Perry Mason: The Case of the Poisoned Pen
1990

2018
Director
Masato Harada
Runtime
124 minutes
Average Rating
No ratings yetSynopsis
Young public prosecutor Keiichiro Okino is assigned to the department of the Tokyo Public Prosecutors Office that deals with violent cases, where he will work with Takeshi Mogami, whom he admires. When a money lender is killed and it is suspected that someone from Mogami’s past is the perpetrator, the team prepares to do his best in order to prove the alleged criminal’s guilt.
Overall Score
Fair
Category Breakdown
LGBTQ+ Representation
The narrative focuses on the procedural and moral complexities of the Tokyo Public Prosecutors Office. There is no explicit evidence of LGBTQ+ characters or non-heteronormative identity explorations within the plot.
Gender Representation
The story centers on a professional hierarchy within a legal institution. While female professionals may exist within this setting, the film lacks specific character arcs that subvert gendered power dynamics.
Racial & Ethnic Diversity
Set within the Tokyo Public Prosecutors Office, the film focuses on domestic violent crime. The cast appears ethnically homogeneous, lacking evidence of intersectional racial blending or non-Western casting.
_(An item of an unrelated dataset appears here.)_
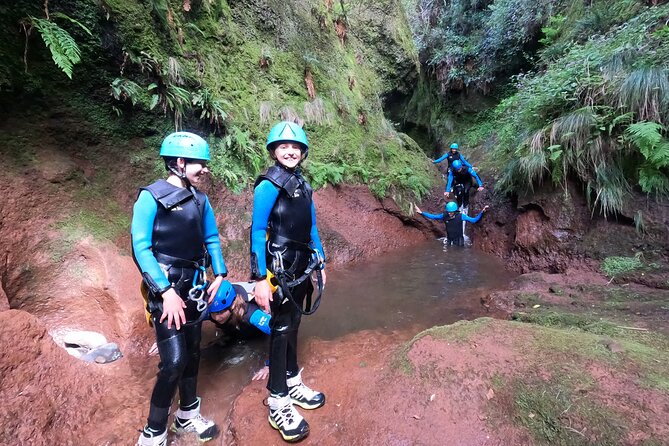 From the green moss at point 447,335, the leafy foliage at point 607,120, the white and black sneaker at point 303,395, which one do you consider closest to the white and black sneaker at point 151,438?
the white and black sneaker at point 303,395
Religious & Cultural Diversity
The film offers a critique of the legal system and the concept of absolute justice. It explores moral relativism by questioning the state's role in defining guilt and the perpetrator.
Disability Representation
There is no mention of characters navigating physical, sensory, or neurodivergent disabilities within the provided context.
Strengths
Areas for Improvement
AI Analysis
Killing for the Prosecution is a traditional, genre-driven crime drama that prioritizes procedural tension over demographic variety. The film's strength lies in its thematic depth, using the legal setting to challenge institutional authority and explore the friction between individual morality and systemic structures. However, the film lacks visible representation across several key categories. The cast is ethnically homogeneous, and there is no evidence of LGBTQ+ identities or disability representation within the primary narrative framework. Ultimately, the film trades broad demographic inclusivity for a focused, gritty exploration of justice. It succeeds as a social critique of the legal system but remains limited in its portrayal of a diverse society.